9.2. The Rules framed in terms of the proviso appended to Article 309 of the Constitution of India indisputably govern only government employees. It was, therefore, for appellant to show that he was not governed by the Rules. As noticed hereinbefore, Section 11(g) of the Act lays down the conditions for disqualification. Section 12 of the Act provides that if a question arises as to whether a member of any Panchayat or Municipality has become subject to any of the disqualifications specified in Article 243F or 243V of the Constitution of India or in Section 11 of the Act, the question shall be referred for decision of the State Government and its decision shall be final. It has furthermore been provided that before giving any decision on such question, the State Government shall obtain the opinion of the Election Commission and shall act in accordance thereof.
9.3. The same, however, would not mean that the Election Tribunal was not competent to decide the question as to whether the returned candidate was or was not qualified for being chosen as a member of Panchayat or Municipality.

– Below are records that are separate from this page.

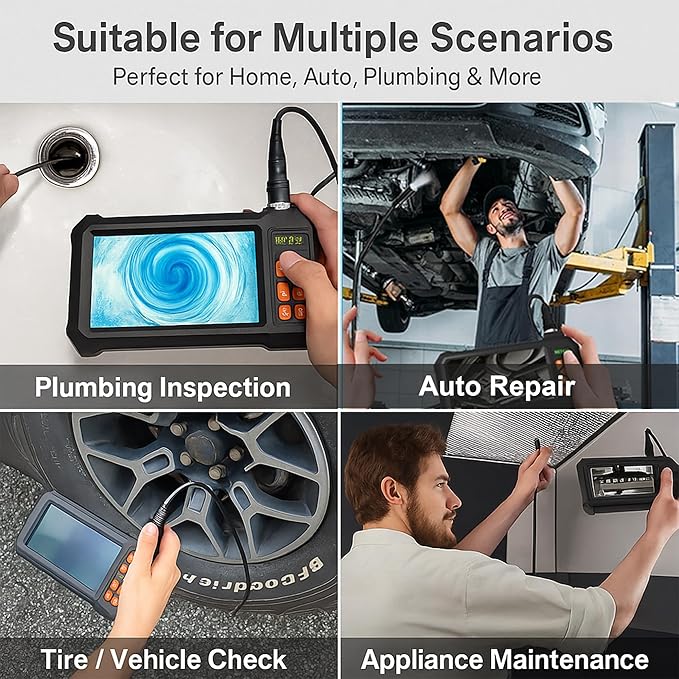49.2 Feet Inspection Endoscope Camera with Light, 1080P HD Borescope Camera with Light, 4.3" IPS Screen, IP67 Waterproof Sewer Borescope, 49.2Ft Semi-Rigid Cord Drain Pipe Endoscope Cool Gadgets Tool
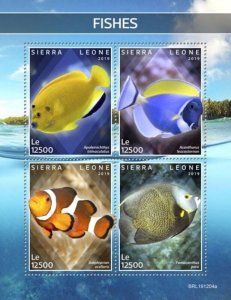 Sierra Leone - 2019 Fishes on Stamps - 4 Stamp Sheet - SRL191204a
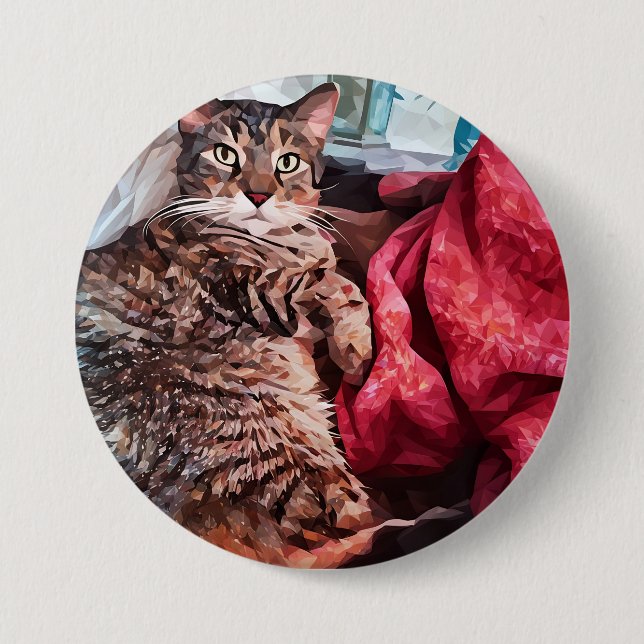 Badge Rond 7,6 Cm Tabby chat noir gris brun allongé (Devant)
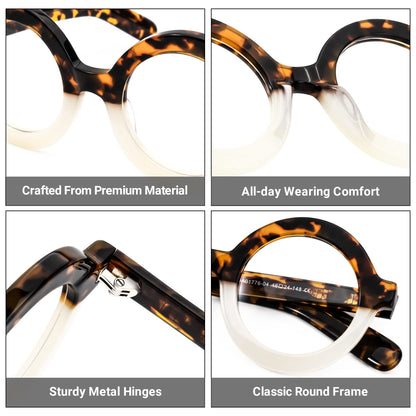 Retro Thick Round Blue Light Blocking Glasses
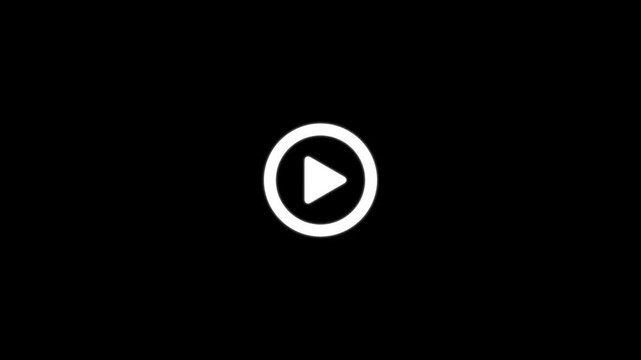 Animated video player icon with circular loading progress bar transitioning into a play button on white background.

10. Chapter XII of the Act deals with election petitions. Section 73 of the Act provides for constitution of an Election Tribunal. Section 74 mandates that no election shall be called in question except by an election petition presented in accordance with the provision of Chapter XII. Section 75 lays down that only the Election Tribunal having jurisdiction shall have the power to adjudicate upon the election petitions. Section 79 provides that an applicant may in addition to claiming a declaration that the election of all or any of the returned candidates is void, may claim a further declaration that he himself or any other candidate may be declared as duly elected. Various provisions have been laid down as regards procedures to be followed in such petitions.
11. When an election petition is filed, all questions which arise for consideration by the Tribunal must be adjudicated upon on the basis of the materials brought on record by the parties. As regards eligibility of a candidate to contest in an election of the municipalities in question, the Tribunal had jurisdiction to determine the same. A finding has been arrived at by it on the basis of the materials brought on record that appellants were government employees. It is not denied or disputed that their terms and conditions of service were governed by the statutory rules.
11.1. In Madhukar G.E. Pankakar (supra), whereupon reliance has been placed by Mr. Leekha, this Court in regard to the question as to whether an employee falls within the description of ‘office of profit under government’ opined that for holding an office of profit under government one need not be in the service of government and there need not be any relationship of master and servant. It was furthermore held that all factors need not be conjointly present. However, as the petitioners therein were only insurance medical practitioners, it was held that they did not hold any office of profit inasmuch as the services rendered by them have no substantial link with the end, viz., the possible misuse of position as insurance medical practitioner in doing his duties as Municipal President.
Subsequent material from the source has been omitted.